List all lines of the data that include the string "Orange".

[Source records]
■ ■ ■ ■
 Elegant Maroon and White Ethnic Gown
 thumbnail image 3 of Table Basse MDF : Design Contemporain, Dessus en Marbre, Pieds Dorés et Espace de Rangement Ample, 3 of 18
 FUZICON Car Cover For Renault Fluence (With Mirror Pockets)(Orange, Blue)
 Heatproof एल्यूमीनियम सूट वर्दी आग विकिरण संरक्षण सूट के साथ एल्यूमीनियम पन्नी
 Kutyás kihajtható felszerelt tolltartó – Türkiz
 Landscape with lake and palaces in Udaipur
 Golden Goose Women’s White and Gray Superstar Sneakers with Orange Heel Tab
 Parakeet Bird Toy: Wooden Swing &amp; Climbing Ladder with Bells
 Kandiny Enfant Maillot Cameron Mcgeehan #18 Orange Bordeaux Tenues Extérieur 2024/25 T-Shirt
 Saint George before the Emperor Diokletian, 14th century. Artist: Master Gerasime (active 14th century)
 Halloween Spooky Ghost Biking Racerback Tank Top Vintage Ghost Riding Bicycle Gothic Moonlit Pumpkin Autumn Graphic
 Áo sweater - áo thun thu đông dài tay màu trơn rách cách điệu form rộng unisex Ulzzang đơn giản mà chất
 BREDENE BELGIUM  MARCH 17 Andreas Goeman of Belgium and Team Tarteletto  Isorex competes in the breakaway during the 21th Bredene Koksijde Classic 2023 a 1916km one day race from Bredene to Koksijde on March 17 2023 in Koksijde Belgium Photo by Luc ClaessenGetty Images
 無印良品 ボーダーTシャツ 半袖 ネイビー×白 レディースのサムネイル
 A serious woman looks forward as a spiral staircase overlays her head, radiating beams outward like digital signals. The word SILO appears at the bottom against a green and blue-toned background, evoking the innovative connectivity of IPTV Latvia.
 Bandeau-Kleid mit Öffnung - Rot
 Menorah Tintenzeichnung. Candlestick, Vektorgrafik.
■ ■ ■ ■
◆ Your response:
 FUZICON Car Cover For Renault Fluence (With Mirror Pockets)(Orange, Blue)
 Golden Goose Women’s White and Gray Superstar Sneakers with Orange Heel Tab
 Kandiny Enfant Maillot Cameron Mcgeehan #18 Orange Bordeaux Tenues Extérieur 2024/25 T-Shirt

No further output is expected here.